Players ranked in the top 100 also do not need any further financial support, as they earn a comfortable living and pocket even more from sponsorships. The ATP should dedicate more money to lower-ranked players outside of the top 100, who struggle with the costs of the tour. 

If the ATP employed stringers, on-site coaches and physiotherapists, as well as provided more extensive hotel and transportation accommodations at smaller tournaments, lower-ranked players would reap more benefits than from a sub-par base salary.

Former American professional tennis player Noah Rubin, who reached a career-high of No. 125 in singles, no longer wished to persevere through injury setbacks and the unglamorous life of lower events on tour and recently switched over to play professional pickleball. 

Rubin described the financial burden of competing on the pro tour to Sports Illustrated.

“So for a player who travels with a coach and a physio as part of his team, let alone even more, that player could be spending $250,000 or more to do so each year,” Rubin said. “[Being] No. 120 in the world and pocketing $40k, $50k at the end of that year is depressing. There’s really no other words to kind of describe that.”

Wikimedia Commons | In this edition of “Causing a Racquet,” Robbie Werdiger (CAS ‘24) breaks down the ATP Tour’s new “Baseline” compensation program, aimed at alleviating the financial stress burdened by professional players.

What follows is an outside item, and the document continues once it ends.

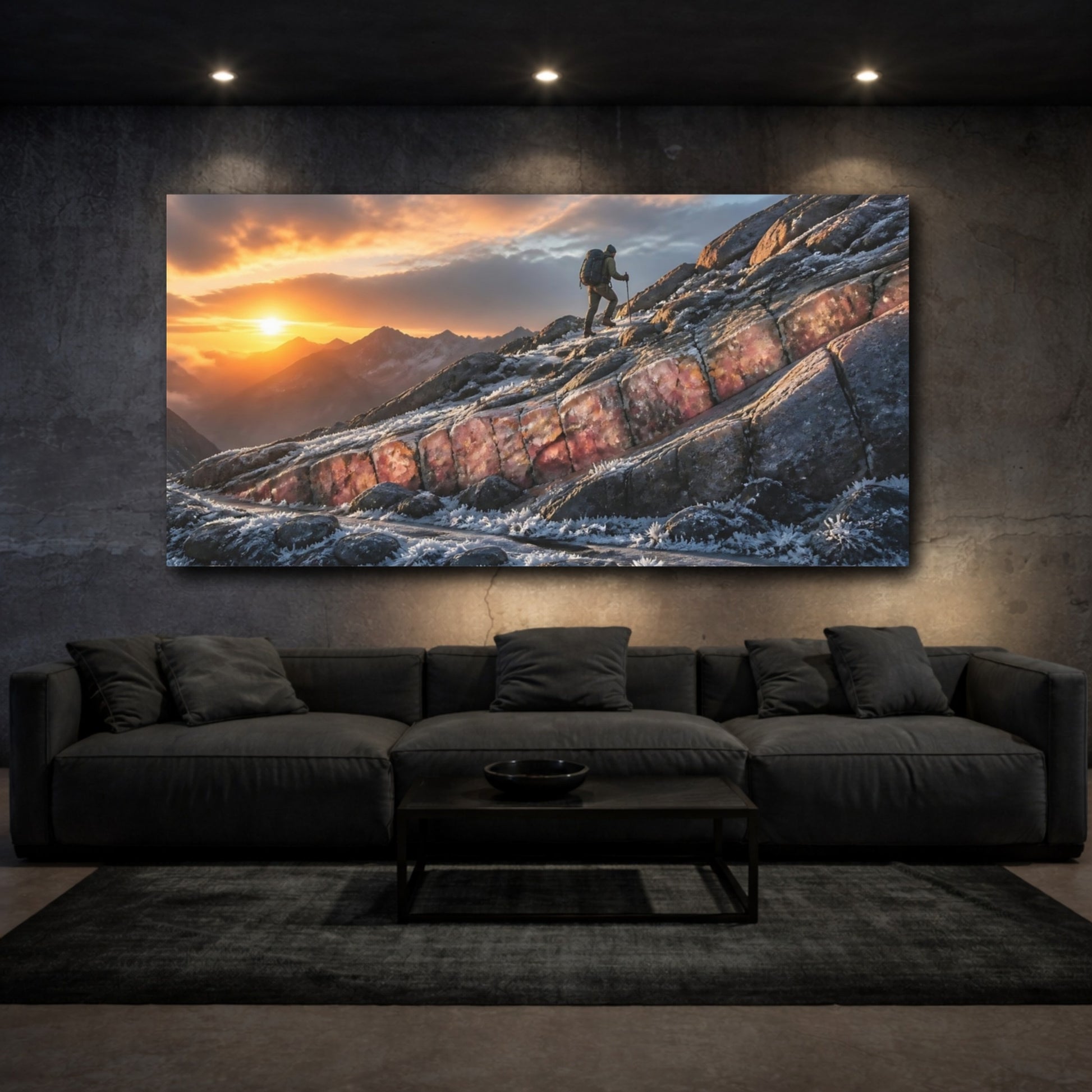 Mockup 3. Motivation Sunrise Hiker shown as canvas print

Rubin would likely have benefited from the second and third parts of the “Baseline Initiative.” For players like Rubin, who had to cut their seasons short due to injury, the “Injury Protection” initiative will serve to keep players dedicated to their recovery process and provide financial support to those who play fewer than nine tournaments a year. Players ranked in the top 100 will receive $200,000, while $100,000 will go to injured players ranked 101-175 and $50,000 to those in the 176-250 range. 

World No. 19 Grigor Dimitrov said he appreciates the security of the new program.

“Knowing that we have a safety net through the minimum guarantee and injury protection pillars gives us peace of mind, allowing us to focus on our game and strive for success,” Dimitrov said. “This truly shows the ATP’s commitment to the players and the future of our sport.”

However, the ATP should not focus on protecting players like Dmitrov, who have made close to $24 million on tour.

With the “Newcomer Investment” part of the initiative, the ATP is planning on offering $200,000 to players who break into the top 125 for the first time, which will be offset against prize money earnings the following season. For players ranked in this range, having the money to travel with a team and play more tournaments could help them achieve one big result in a tournament, which could secure their spot in the main draw of ATP tournaments for the season and set them up on an upward trajectory.

However, these newcomers will have to budget the money effectively while not receiving prize money, so if they do not break through immediately, the money is unlikely to have any long-term effect. Additionally, little separates players ranked 125-250 besides their opportunities and setup. Therefore, the 125 cutoff is arbitrary and does not reach all of the players who could use the money to make a leap in the sport. 

While not yet perfect, the “Baseline Program” is a groundbreaking effort by the ATP Tour to support its players and grow the sport professionally. 

“It is also just the start of what we hope to achieve,” ATP Chairman Andrea Gaudenzi said. “Our ambition is to expand this game-changing initiative in the years to come.”

I look forward to seeing how “Baseline” plays out over the next three years and exploring how we can further support the players.